Publié le 13 avr. 2016 à 1:01
Encensé puis délaissé, symbole devenu industriel pomme de discorde, le 57 Métal, à Boulogne-Billancourt, s’offre une nouvelle jeunesse sous la houlette du célèbre architecte Dominique Perrault. Le 14 mars, ce dernier a dévoilé lors d’une réunion publique le projet de reconversion de cet ancien centre Renault : 37 000 mètres carrés mêlant espaces collectifs, verdure et bureaux en bordure de Seine, face à l’île Seguin. Ce projet a la particularité de préserver partiellement l’ancien bâtiment industriel, œuvre de l’architecte Claude Vasconi renforcée en 1984, qui vaut à son auteur le grand prix national d’architecture. Le 57 Métal, premier bâtiment de ce qui devrait être la nouvelle cité industrielle de Renault dans le plan Billancourt 2000, en est aujourd’hui l’unique témoignage, puisque Renault est finalement parti à Guyancourt. Restent ces halles de briques et de verre, coiffées d’une succession de sheds, ces toitures en dents de scie caractéristiques des usines. « Claude Vasconi, que je connaissais bien et que j’admirais, avait réalisé un chef-d’œuvre. Nous allons conserver la partie la plus significative de son œuvre, la façade bordant la Seine et un pan du bâtiment avec sa cascade de cabanons. Le reste sera détruit puis reconstruit dans le même esprit que les immeubles du quartier », explique aux « Échos » Dominique Perrault. Autrement dit, sans hauteurs excessives. Lancée par BNP Paribas Real Estate, propriétaire des lieux, la rénovation du bâtiment devrait s’engager rapidement. Le permis de construire pourrait être instruit d’ici la fin de l’année. Le plan local d’urbanisme (PLU) est en révision.

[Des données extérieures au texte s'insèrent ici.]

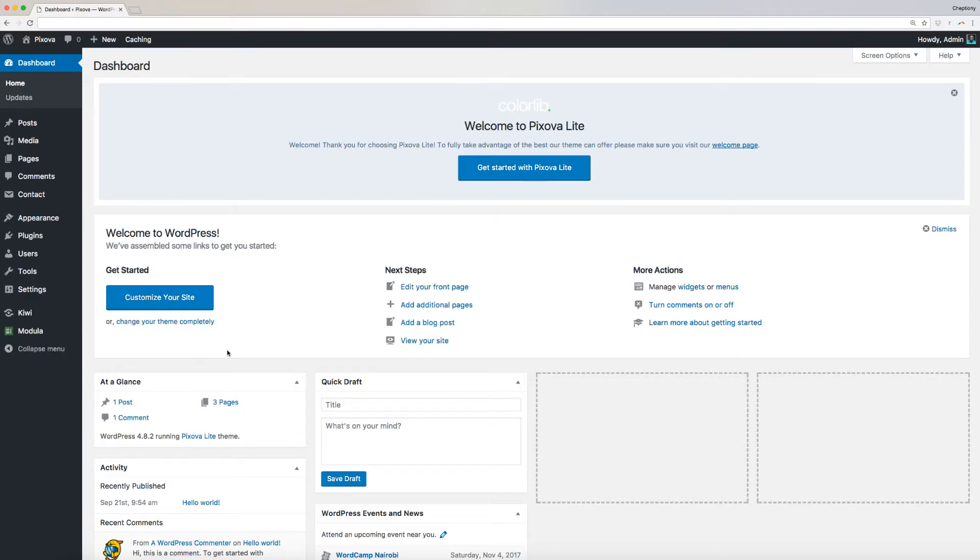Hi, and welcome to ColorLib Video Tutorial. In this video, I'm going to show you step-by-step on how to set up your website's front page with Pixova Lite theme.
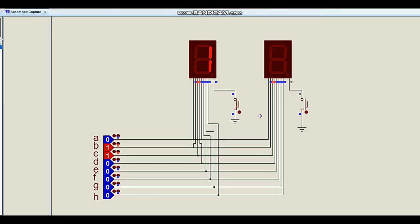In this multiplexing process, the delay between switching the displays must be as small as possible — ideally in milliseconds or microseconds. For proper functioning, the interval between switching digits must remain constant. For example, if a one millisecond delay is used when switching from the first to the second display and back, that one millisecond delay must not be altered. It must be kept constant and must not vary for the multiplexing process to work correctly.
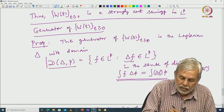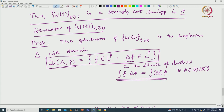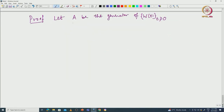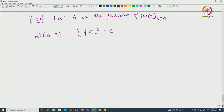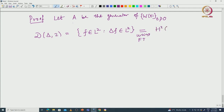Some comments: D(Δ, 2) is the set of f in L^2 such that Δf is also in L^2 on R^n. Using Fourier transform, one can show this is precisely H^2(R^n) — the Sobolev space. This is for p equal to 2. But such a statement is not true in a bounded domain.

L’épilogue d’une saga interminable
Depuis 2010, date de la cession du site par Renault au gérant de fonds d’investissement britannique Europa Capital a annulé 75 millions d’euros, le sort du bâtiment n’avait cessé de diviser élus locaux, riverains, promoteurs et ayants droit de Claude Vasconi . En jeu : la démolition de l’édifice, conçue par Europa Capital, au profit d’un bâtiment plus imposant. « Les positions étaient très antagonistes. La Mairie ne voulait pas de ce projet de démolitionreconstruction, mais l’Etat n’était pas contre. Les riverains, eux, craignaient la « pollution visuelle », les hauteurs. Les héritiers de Claude Vasconi espèrent sauver le site. Enfin, Renault ne souhaitait pas une charge de dépollution trop lourde. C’était le blocage total », raconte le préfet honoraire Jean-Pierre Duport, nommé par le gouvernement pour dénouer le conflit qui s’envenime entre recours en justice, coups de théâtre et pétitions de personnalités. En quête de solutions, le médiateur cherche, dix-huit mois durant, un avenir à ce bâtiment hors norme. Il s’attelle notamment au problème délicat de la dépollution des sols – important en raison du passé industriel du site -, qui cristallise les angoisses, les produits étant jugés cancérigènes. A l’été 2015, la revente du bâtiment, rebaptisée Square Com, à BNP Paribas Real Estate contribue à débloquer les choses.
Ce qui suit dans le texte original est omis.